■ Data extract:
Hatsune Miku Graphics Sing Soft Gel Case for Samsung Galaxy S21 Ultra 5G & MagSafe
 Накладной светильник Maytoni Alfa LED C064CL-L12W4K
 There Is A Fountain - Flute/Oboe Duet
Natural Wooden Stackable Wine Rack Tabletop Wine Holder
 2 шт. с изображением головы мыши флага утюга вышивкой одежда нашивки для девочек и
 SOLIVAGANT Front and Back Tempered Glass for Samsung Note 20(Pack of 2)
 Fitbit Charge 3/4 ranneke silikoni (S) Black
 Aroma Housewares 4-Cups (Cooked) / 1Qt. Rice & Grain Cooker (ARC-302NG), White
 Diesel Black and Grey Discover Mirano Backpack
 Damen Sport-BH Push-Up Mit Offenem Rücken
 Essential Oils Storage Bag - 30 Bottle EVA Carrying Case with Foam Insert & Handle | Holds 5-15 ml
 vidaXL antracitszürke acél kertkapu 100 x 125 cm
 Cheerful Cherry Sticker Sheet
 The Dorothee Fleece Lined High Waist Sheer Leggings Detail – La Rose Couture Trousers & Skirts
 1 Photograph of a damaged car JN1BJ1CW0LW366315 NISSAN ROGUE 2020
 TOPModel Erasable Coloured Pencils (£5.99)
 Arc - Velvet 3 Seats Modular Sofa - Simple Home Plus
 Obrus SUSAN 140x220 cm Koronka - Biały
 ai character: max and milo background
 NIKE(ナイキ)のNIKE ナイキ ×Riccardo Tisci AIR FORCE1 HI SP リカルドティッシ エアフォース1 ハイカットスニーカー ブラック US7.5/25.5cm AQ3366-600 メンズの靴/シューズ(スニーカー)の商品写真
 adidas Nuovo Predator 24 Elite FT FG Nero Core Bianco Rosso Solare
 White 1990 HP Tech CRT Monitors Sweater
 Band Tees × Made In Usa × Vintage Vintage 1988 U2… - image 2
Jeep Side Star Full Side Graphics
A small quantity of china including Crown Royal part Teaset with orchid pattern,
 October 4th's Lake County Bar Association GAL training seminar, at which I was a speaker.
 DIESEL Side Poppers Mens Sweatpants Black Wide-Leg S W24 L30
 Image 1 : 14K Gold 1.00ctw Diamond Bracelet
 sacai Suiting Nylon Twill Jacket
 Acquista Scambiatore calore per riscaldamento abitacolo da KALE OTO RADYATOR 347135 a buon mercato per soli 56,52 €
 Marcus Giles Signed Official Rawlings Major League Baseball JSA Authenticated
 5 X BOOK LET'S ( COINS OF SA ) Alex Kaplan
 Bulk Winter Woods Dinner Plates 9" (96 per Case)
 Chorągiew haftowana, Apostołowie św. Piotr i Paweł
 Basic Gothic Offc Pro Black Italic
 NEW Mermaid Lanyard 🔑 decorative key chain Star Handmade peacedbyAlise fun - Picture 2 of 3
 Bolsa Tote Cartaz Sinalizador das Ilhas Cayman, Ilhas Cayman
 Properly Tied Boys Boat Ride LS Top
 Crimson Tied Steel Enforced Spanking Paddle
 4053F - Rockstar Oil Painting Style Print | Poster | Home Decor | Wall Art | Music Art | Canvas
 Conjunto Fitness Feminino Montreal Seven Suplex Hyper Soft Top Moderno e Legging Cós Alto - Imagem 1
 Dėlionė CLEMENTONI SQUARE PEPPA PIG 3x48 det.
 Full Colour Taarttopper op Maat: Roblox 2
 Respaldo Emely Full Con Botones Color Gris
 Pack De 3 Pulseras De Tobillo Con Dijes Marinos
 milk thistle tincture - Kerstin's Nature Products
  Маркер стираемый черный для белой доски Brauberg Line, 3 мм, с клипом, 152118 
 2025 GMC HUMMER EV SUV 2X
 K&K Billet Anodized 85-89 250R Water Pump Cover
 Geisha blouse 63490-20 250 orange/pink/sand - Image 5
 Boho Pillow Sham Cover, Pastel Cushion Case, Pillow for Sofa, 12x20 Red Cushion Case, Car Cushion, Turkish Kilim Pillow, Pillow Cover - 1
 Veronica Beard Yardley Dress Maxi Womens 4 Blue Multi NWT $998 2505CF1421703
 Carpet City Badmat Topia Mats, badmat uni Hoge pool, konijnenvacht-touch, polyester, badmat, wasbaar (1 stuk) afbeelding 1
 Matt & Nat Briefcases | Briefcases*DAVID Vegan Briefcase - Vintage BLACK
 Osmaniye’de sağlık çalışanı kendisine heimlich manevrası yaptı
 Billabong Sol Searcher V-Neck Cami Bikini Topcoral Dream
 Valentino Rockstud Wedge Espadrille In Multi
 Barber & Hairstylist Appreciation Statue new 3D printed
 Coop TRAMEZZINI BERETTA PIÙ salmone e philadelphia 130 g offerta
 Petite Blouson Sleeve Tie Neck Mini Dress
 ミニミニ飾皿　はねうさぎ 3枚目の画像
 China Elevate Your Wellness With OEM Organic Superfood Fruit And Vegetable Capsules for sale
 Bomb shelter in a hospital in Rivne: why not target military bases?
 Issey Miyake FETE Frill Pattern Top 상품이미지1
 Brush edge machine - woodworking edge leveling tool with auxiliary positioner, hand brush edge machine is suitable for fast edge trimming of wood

■ Your task: Count lines, not occurrences. State how many lines of the entries contain the word "Vintage", and add nothing.

■ Exercise output: 2